Placa de la Catalunya, Barcelona 9 November |
The organizers claim they had to be quite rigorous in accepting papers for this workshop, since they had many submissions. Eleven papers made the cut to be presented there, including a paper from Antske Fokkens, Fred van Lieburg and myself on making an 'old' historical dataset of Dutch ministers available for current and future enhanced use. Considering the claimed high level of rejection it could be expected that the best of what digital history has to offer at the moment would be presented there. So with good hopes I took the plane to Barcelona, together with VU professor in Computer Science Guus Schreiber.
So was the workshop as good as anticipated? I would say maybe and no. Let me start with the maybe. Were the papers presented really the best what digital history has to offer? This is impossible to tell, since all participants came from Western Europe, which leaves out a huge field of digital historians from the United States, Asia and Australia. The papers dealt with topics and techniques like linking different datasets, automatic data extraction, Named Entity Recognition, and methodological reflections on the use of computational techniques for historical research. All of these are worthwhile topics to investigate and it resulted in interesting and useful papers. Over all however, I did not hear much that was new to me and I feel this was true for most other participants as well. Maybe this is just the current state of digital history, that we all know what we are and should be doing, or maybe there was a lack of groundbreaking submissions for this conference only. It does make me wonder however, if initiatives like these are a bit too much 'preaching for one's own church'. Should we not rather concentrate on missionary work to convince other historians of the benefits of what we are doing?
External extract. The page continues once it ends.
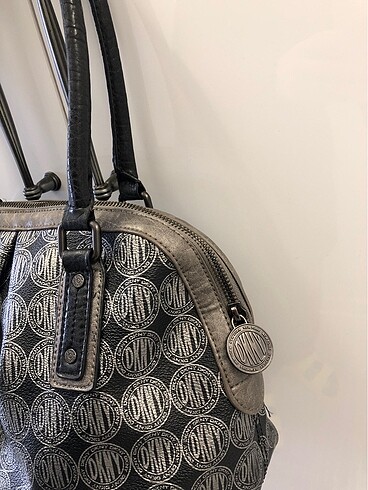  Beden DKNY çanta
Prof dr. Guus Schreiber presenting his paper |
Then there is the no of the workshop, which may or may not have all to do with the signalled lack of truely innovative papers. The discussions lacked liveliness and there were hardly any questions which took the presenters by surprise. This may partly be the fault of the location of the worskhop; a lecture room in one of the buildings of the Universitat Pompeu Fabra. The room was dark, the way people were seated did not facilitate interactive discussions and there were no facilities to stimulate a more informal exchange of ideas during the breaks. The fact that the keynote speaker did not show up, I assume for very good reasons, of course did not help either to stimulate a great sense of commitment to the workshop. While one would think that the city of Barcelona normally provides a more than stimulating environment, the city now only underlined the darkness and greyness of the workshop venue.
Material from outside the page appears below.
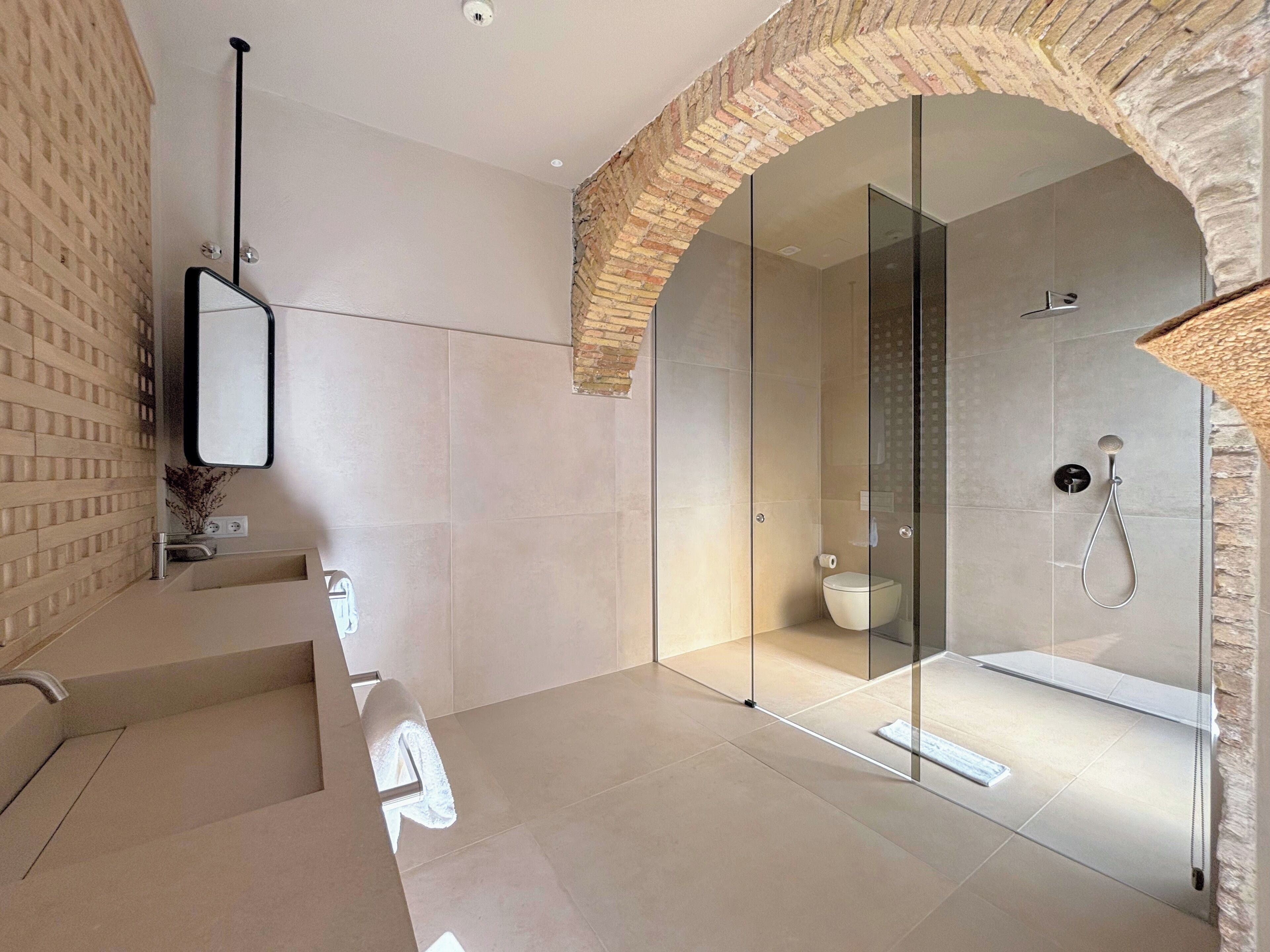 Ducha, artículos de higiene personal gratuitos y secador de pelo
Sagrada Familia, Barcelona 10 November |
Of course not everything in academia has to be exiciting, and it is perfectly OK to have a 'boring' workshop on a boring location. When there is a general concensus on what is presented however, one might wonder if it would not be a good idea to stimulate contributions and attendance from digital sceptics and digital heretics as well. Maybe invite a keynote speaker who does not believe at all in the benefitis of digital history and who keeps everyone sharp during the day? I at least look forward to doing a presentation on the same topic for an audience of hopefully sceptical humanities scholars on 21 November.